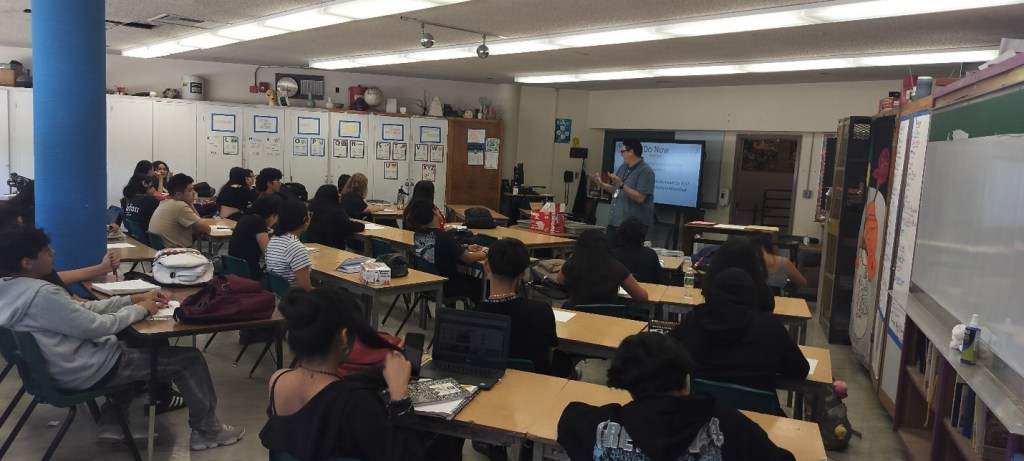 Picture displays Mr. Wiggins classroom working on art at their desks. 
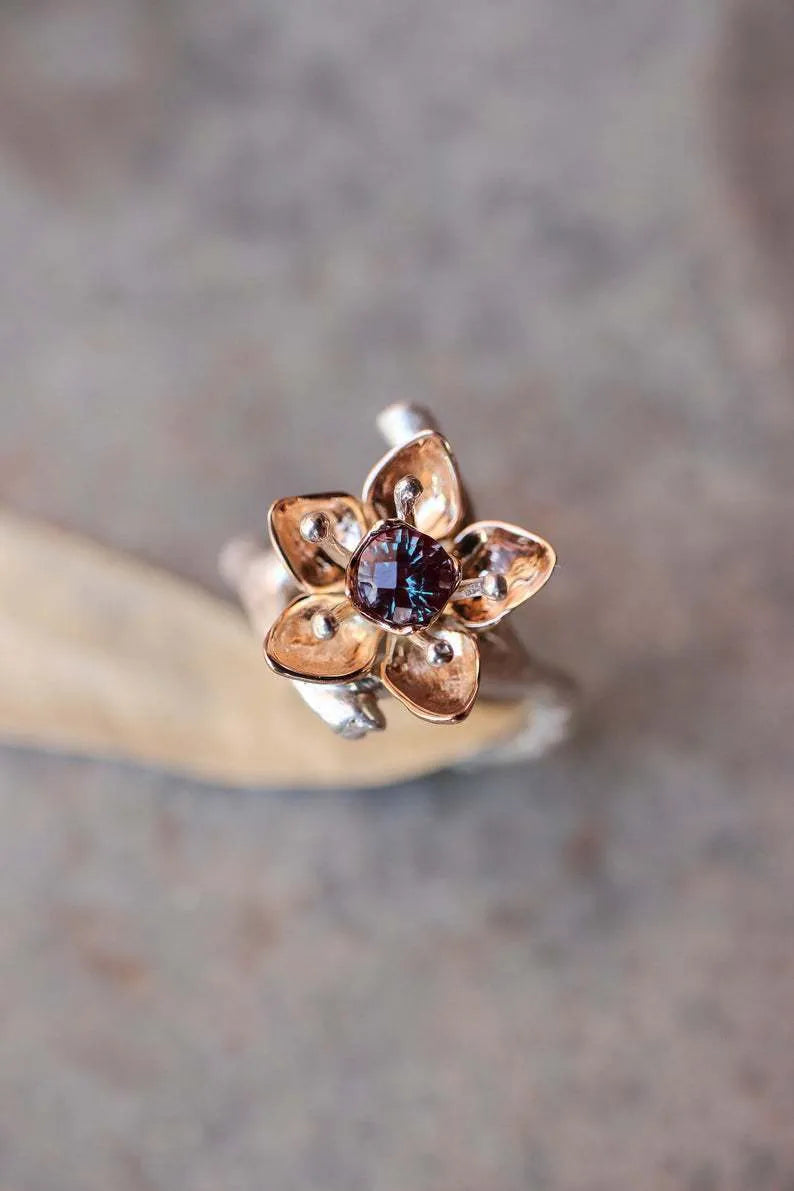 Silver two-tone floral geometric women's alloy ring shown on a finger, demonstrating its design and fit.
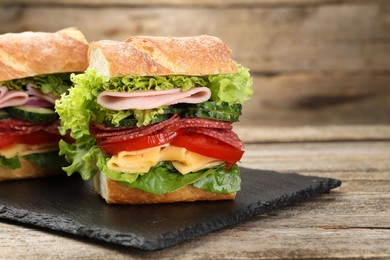 Photo of Tasty baguette sandwich with ham and vegetables on wooden table, closeup. Space for text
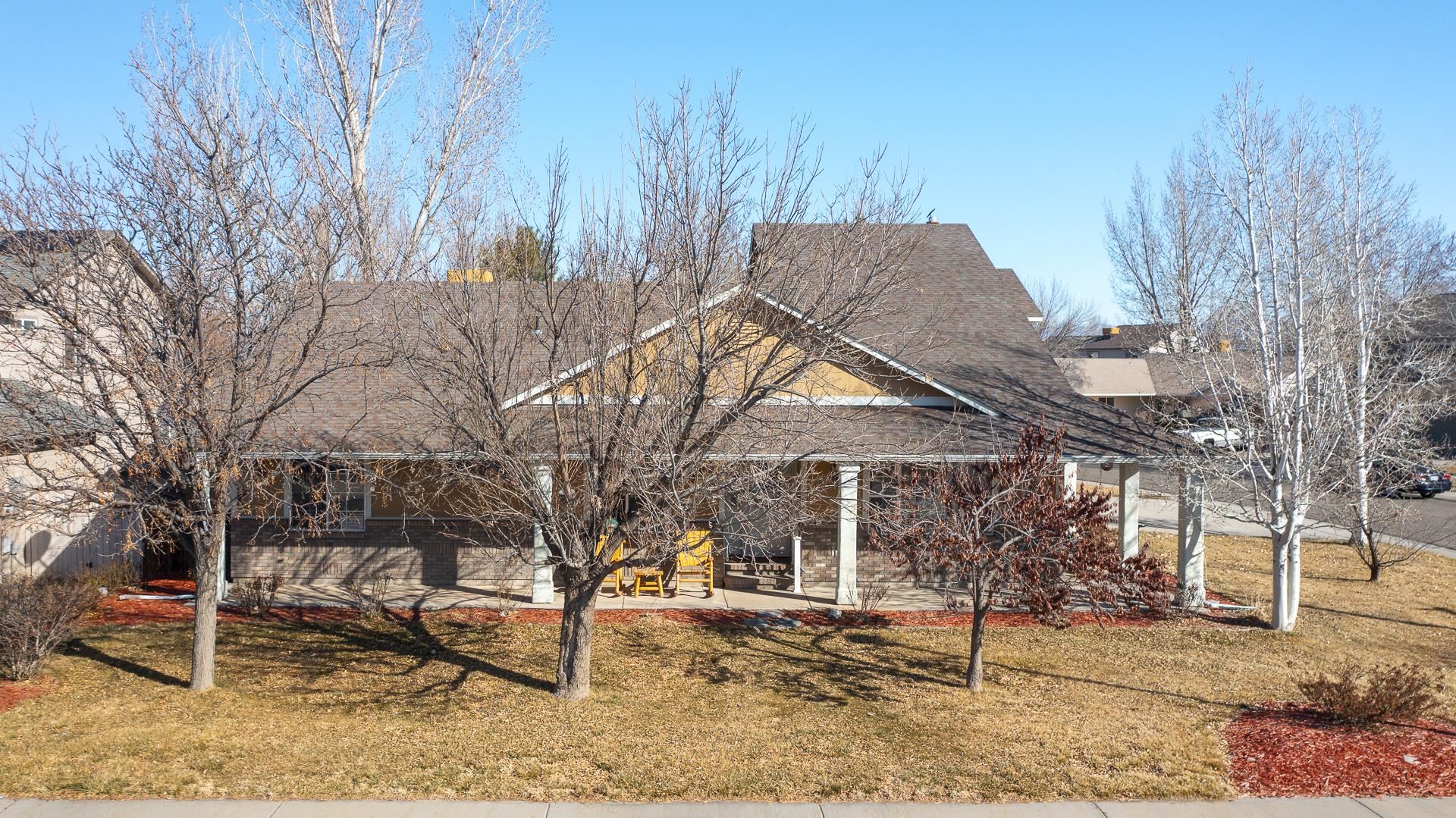 307 Elderberry Drive Fruita, CO 81521 - Photo 37 of 42 a backyard of a house with large trees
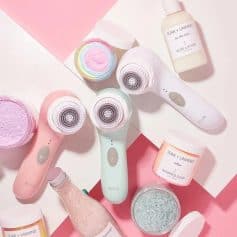 High-quality skincare tools and products displayed, including facial cleansing brushes, aloe lotion, whipped soap, and exfoliating salts, perfect for skincare routines and beauty treatments.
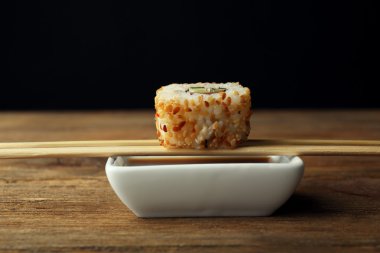 Sosu ve ahşap sopa ile koyu arka plan üzerinde rulo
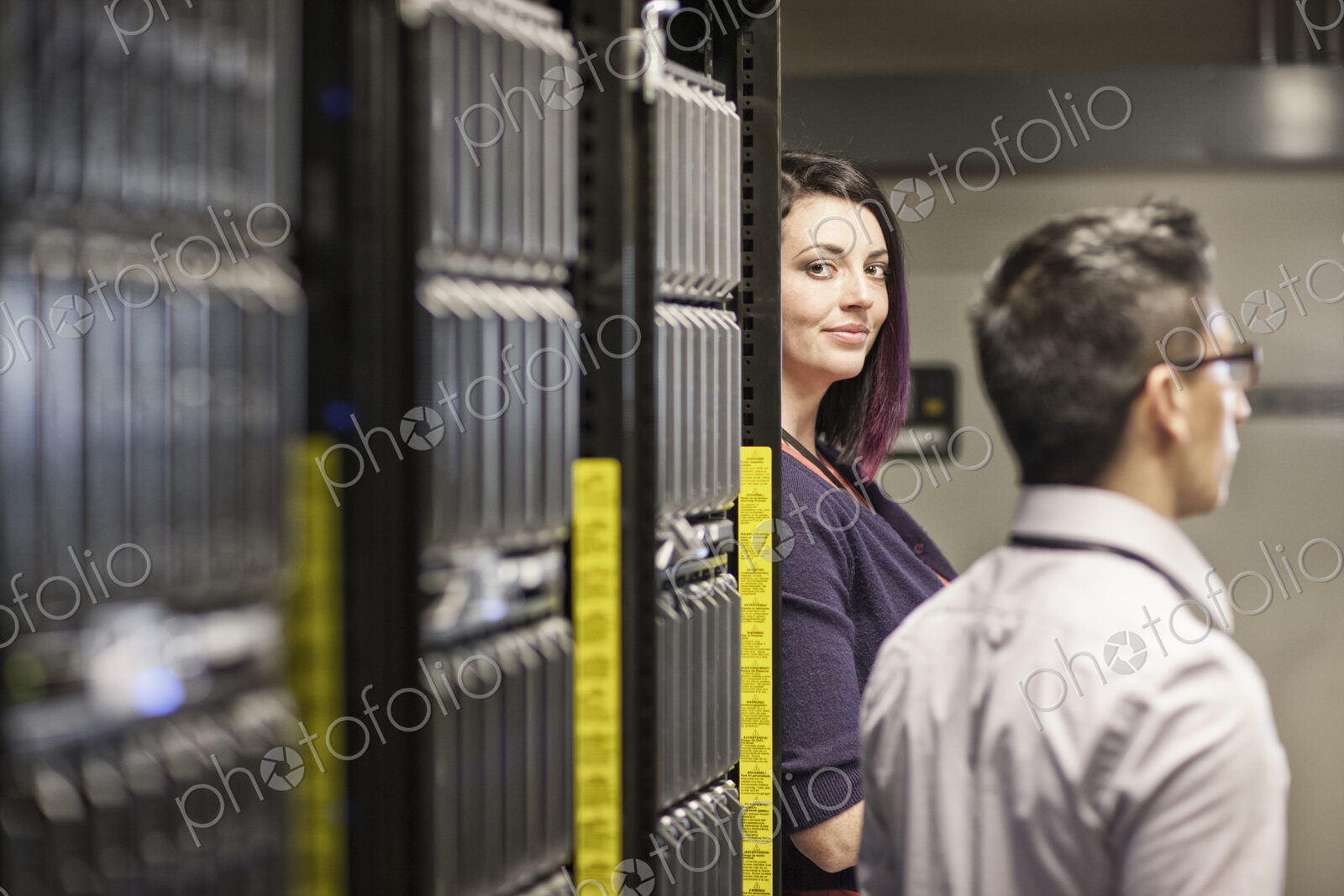 Caucasian woman in a large computer server farm.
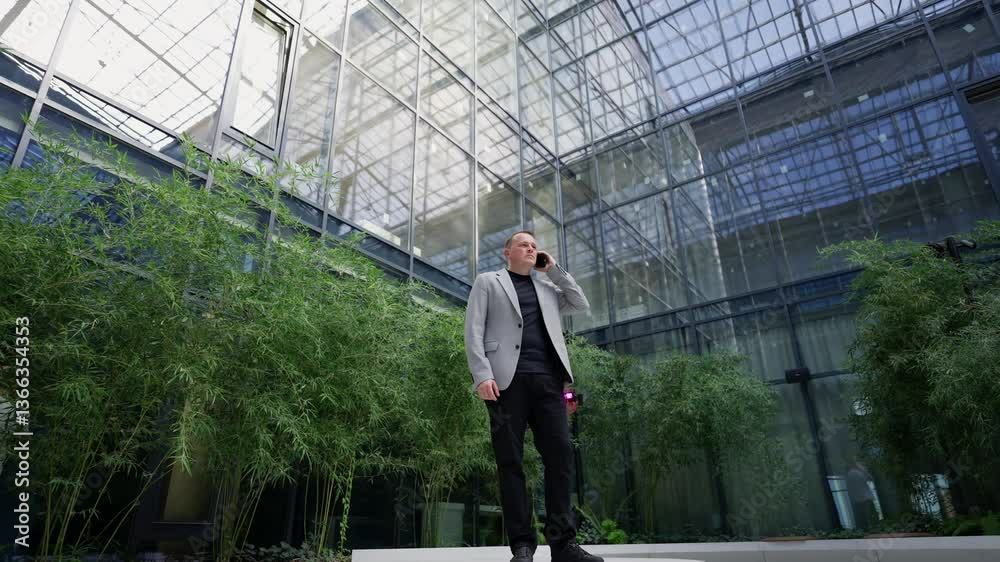 Businessman talking on the phone. Modern office atrium concept. Businessman talking on the phone. Modern office atrium concept.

Description of the task
Any picture in the listing above gets left out; output the rest exactly.

Answer to this exercise
 Picture displays Mr. Wiggins classroom working on art at their desks. 
 Silver two-tone floral geometric women's alloy ring shown on a finger, demonstrating its design and fit.
 Photo of Tasty baguette sandwich with ham and vegetables on wooden table, closeup. Space for text
 307 Elderberry Drive Fruita, CO 81521 - Photo 37 of 42 a backyard of a house with large trees
 High-quality skincare tools and products displayed, including facial cleansing brushes, aloe lotion, whipped soap, and exfoliating salts, perfect for skincare routines and beauty treatments.
 Sosu ve ahşap sopa ile koyu arka plan üzerinde rulo
 Caucasian woman in a large computer server farm.
 Businessman talking on the phone. Modern office atrium concept. Businessman talking on the phone. Modern office atrium concept.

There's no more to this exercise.